Alors que trois films sur huit en compétition cette année à l'Alpe d'Huez sont réalisés par des femmes - le sien, "Roxane", premier film de Mélanie Auffret, et "Les petits flocons" de l'actrice Joséphine de Meaux -, "la partie très rémunératrice de la comédie, c'est un peu le domaine des hommes", affirme Lisa Azuelos, dans un entretien avec l'AFP.

"Une comédie où une femme a le rôle principal, en général rapporte beaucoup moins d'argent que les comédies où des hommes ont le rôle principal. C'est malheureusement ce que j'ai remarqué: quand on veut faire du chiffre, il faut du masculin... pour l'instant", regrette-t-elle.

La réalisatrice de 53 ans, qui a commencé sa carrière en 2006 avec "Comme t'y es belle!", sur le quotidien de quatre femmes, dit cependant avoir, elle, "la chance" d'être traitée sur un pied d'égalité avec ses collègues hommes.

Pourquoi? "J'ai prouvé que je pouvais faire du chiffre, dans ce métier ça compte...", ajoute celle dont le film "LOL" (2009) avec Sophie Marceau, sur les relations entre une adolescente et sa mère, avait rassemblé près de 3,7 millions de spectateurs.

"J'ai eu beaucoup de chance avec +LOL+", dit-elle, citant comme autres réalisatrices à succès dans ce genre cinématographique "Coline Serreau avec +Trois hommes et un couffin+, ou Danièle Thompson (+La bûche+, +Décalage horaire+)", mais "on n'est vraiment pas nombreuses".

- "vers la jeunesse" -

Engagée pour la défense des droits des femmes, Lisa Azuelos - qui a dénoncé le mariage forcé dans un court métrage en 2014, et promeut la lutte contre la "gynophobie" (les violences visant les femmes parce que femmes) juge "incontestable que le mouvement #metoo a changé la donne".
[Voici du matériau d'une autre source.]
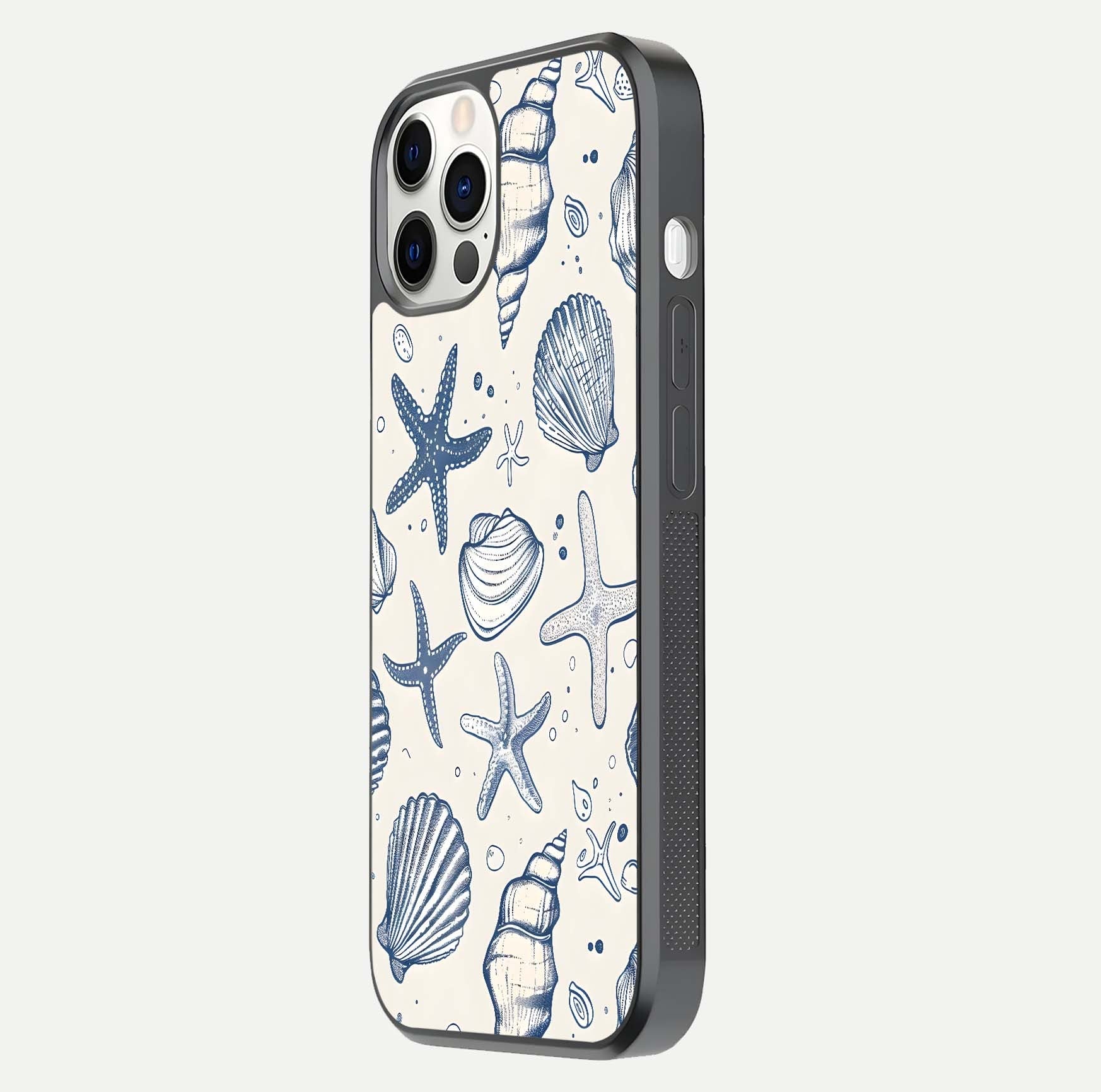 Blue Ocean Outline Glass Case for iPhone 12 Pro side-angle view showing clear edge lines and oceanic blue glow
Mais, ajoute-t-elle, "malheureusement, on parle d'un fait de société qui est ultra profond, qui est la place de la femme dans la société, et au-delà de ça, du rapport dominant-dominé qui sous-tend toute l'économie".

La réalisatrice, qui a réalisé un documentaire cette année sur des actions dans des collèges et lycées pour parler de harcèlement ou de sexualité - film qui "est à la disposition de toutes les écoles" et avec lequel elle veut organiser des projections-débats - dit aujourd'hui vouloir "se tourner vraiment vers la jeunesse".

"C'est aussi pour ça que je fais +Mon bébé+, pour montrer un bout de jeunesse", souligne-t-elle.

Dans ce film, en salles le 13 mars, Lisa Azuelos aborde à nouveau, dix ans après "LOL", les relations mère-fille à travers l'histoire d'une mère de trois enfants, incarnée par Sandrine Kiberlain, qui a du mal à se séparer de sa petite dernière qui va partir étudier au Canada.

Chronique à la fois drôle et tendre du quotidien d'une femme qui arrive à un tournant délicat de son existence, "Mon bébé" est directement inspiré de la vie de Lisa Azuelos, qui a confié le rôle de Jade à sa propre fille, Thaïs Alessandrin.

"C'est notre histoire", explique la réalisatrice. Voir ses enfants quitter la maison, "ce n'est pas quelque chose de simple, et je voulais vraiment explorer ce que ça fait à l'intérieur du corps, des émotions, tout ce qui remonte, tout ce qu'on ressent".

Construit sur une alternance entre images du passé et du présent, "Mon bébé" est "aussi un film pour se valoriser soi-même en tant que mère", dit-elle.